Math Forge

"For those who want to improve their skills, need guided help or simply want to learn more, the doors of the Learning Centre and the ears of mathematicians are open."

 

What is… Math Forge?

This new initiative of the Mathematics Research Unit aims to provide an additional means of support in mathematics for uni.lu students of all disciplines. 
It is a bi-weekly math clinic which takes place in the Learning Centre and where students can get help guided by mathematicians working at the University of Luxembourg.

Why a math clinic and who is it for?

The University of Luxembourg embraces diversity and has students who come from an extraordinary variety of backgrounds. This also means that students begin their studies with different skill sets and different needs for their mathematical training. Math Forge provides additional support for those who need it or who are eager to learn more about this fascinating discipline.

Who are the tutors?

All of the tutors are mathematicians, with PhDs in mathematics or working towards obtaining one at uni.lu. Like the students and professors, they too come from a variety of backgrounds and cultures but with a common passion for this extraordinary discipline. The current “head coach” is Laurent La Fuente-Gravy who is postdoc at uni.lu working in differential geometry.

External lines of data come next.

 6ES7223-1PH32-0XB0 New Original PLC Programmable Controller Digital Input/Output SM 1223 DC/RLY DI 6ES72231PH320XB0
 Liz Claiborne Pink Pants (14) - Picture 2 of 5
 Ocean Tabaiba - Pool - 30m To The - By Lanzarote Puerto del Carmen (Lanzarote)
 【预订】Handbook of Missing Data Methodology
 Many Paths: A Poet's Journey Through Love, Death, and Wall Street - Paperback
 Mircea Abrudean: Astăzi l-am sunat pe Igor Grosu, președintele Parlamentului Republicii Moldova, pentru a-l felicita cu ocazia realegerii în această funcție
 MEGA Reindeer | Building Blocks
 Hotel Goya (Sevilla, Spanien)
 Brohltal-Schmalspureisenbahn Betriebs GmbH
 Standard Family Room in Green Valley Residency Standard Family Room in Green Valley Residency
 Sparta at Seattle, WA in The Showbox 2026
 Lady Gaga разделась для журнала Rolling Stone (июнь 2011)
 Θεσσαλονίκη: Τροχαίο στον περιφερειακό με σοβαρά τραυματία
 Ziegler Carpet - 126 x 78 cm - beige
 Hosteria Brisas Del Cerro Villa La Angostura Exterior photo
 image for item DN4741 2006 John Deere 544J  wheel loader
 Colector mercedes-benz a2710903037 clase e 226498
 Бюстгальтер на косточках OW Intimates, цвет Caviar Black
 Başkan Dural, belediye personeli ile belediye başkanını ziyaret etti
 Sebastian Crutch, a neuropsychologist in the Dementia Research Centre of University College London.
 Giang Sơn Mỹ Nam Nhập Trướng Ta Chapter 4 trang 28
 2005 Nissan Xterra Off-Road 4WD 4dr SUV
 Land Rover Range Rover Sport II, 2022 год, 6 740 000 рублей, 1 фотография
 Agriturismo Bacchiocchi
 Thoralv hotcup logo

What makes Math Forge different from more standard tutorial sessions?

Math Forge, on a bi-weekly basis, creates an informal setting where students can seek help, ask questions and tune up on their analytic thinking. The combination of a dedicated learning space equipped with the appropriate documentation, and the expertise of professional mathematicians (researchers) creates a unique learning environment. Students can find answers and inspiration without being graded or judged.

Where did Math Forge come from?

Bruno Teheux and Hugo Parlier came up with the idea, inspired by the exceptional learning environment provided by the Luxembourg Learning Centre and encouraged by an increasing demand to provide a more varied approach to mathematical teaching. The idea was met with equal enthusiasm by Julie Willems and Andreas Amendt from the Learning Centre who helped shape the idea into a concrete bi-weekly “math clinic”.

What’s special about math?

Mathematics is at the heart of analytical reasoning, and is the language of science. The modern world requires a fair amount of mathematical understanding. But it is also infamous for its difficulties and obstacles to students’ progressions.